A holiday for potatoes too

 

potato cake with an egg on top - Bilbao, Guggenheim

potato cake with an egg on top – Bilbao, Guggenheim

Such a grand time of the year for feasting of all kinds, from latkes for Hanukkah, to controversial loved-and-hated Christmas pudding, to a traditional galette aux rois, or Three Kings cake for January 6th to wrap up the holiday season. Take your pick. But let’s begin with potato latkes, and here’s the recipe from Virgin Territory, so easy and perfect for dinner with a nice dollop of freshly made applesauce:

Hannukah of course is the feast par excellence for olive oil and it’s no surprise that it comes in the middle of the olive harvest—or what would have been the olive harvest back in the days of the Jerusalem temple where the miracle supply of olive oil was found to keep the candelabra burning for seven days. Those ancient Hebrews knew what they were doing–no other oil will suffice, and the very idea of low-fat latkes, promoted in a diet magazine several years ago, is ridiculous. They’re supposed to be as fat as they possibly can!

  • 1 large yellow onion
  • 1 tablespoon freshly squeezed lemon juice
  • 4 eggs, beaten with a fork
  • 4 medium russet potatoes, peeled
  •  Salt and freshly ground black pepper to taste
  •  1/8 teaspoon baking powder
  •  Extra-virgin olive oil for frying

Using the large holes of a grater, grate the onion into a bowl. Add the lemon juice and eggs and mix well. Grate the potatoes into the same bowl. After grating each potato, stir to mix well. The lemon juice should keep the potatoes from darkening. When the potatoes are done, add salt and pepper to taste.
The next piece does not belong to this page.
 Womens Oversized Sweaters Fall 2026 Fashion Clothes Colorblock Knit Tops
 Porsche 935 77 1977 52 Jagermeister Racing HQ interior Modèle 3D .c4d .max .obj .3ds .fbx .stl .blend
Add oil to a heavy duty skillet (black iron is perfect for this) to a depth of about one inch. Heat the oil over medium high until it is just below the smoking stage–about 360°F. (Use a thermometer for accuracy.) Now add the baking powder to the potato mixture.

Use a soup ladle or large soup spoon to drop clumps of potatoes into the hot oil, about 1/4 cup at a time. Flatten the cakes gently with the back of the spoon. Fry on one side until brown and crisp, then turn and fry on the other side. Remove from the pan and drain on paper towels.

These are traditionally served with apple sauce and a small dollop of sour cream on top. But you could go totally untraditional, and serve a poached egg on top of each potato cluster–this was suggested by a wonderful potato and egg dish served at the restaurant in the Guggenheim Museum in Bilbao. Totally un-Hanukkah, but still totally delicious.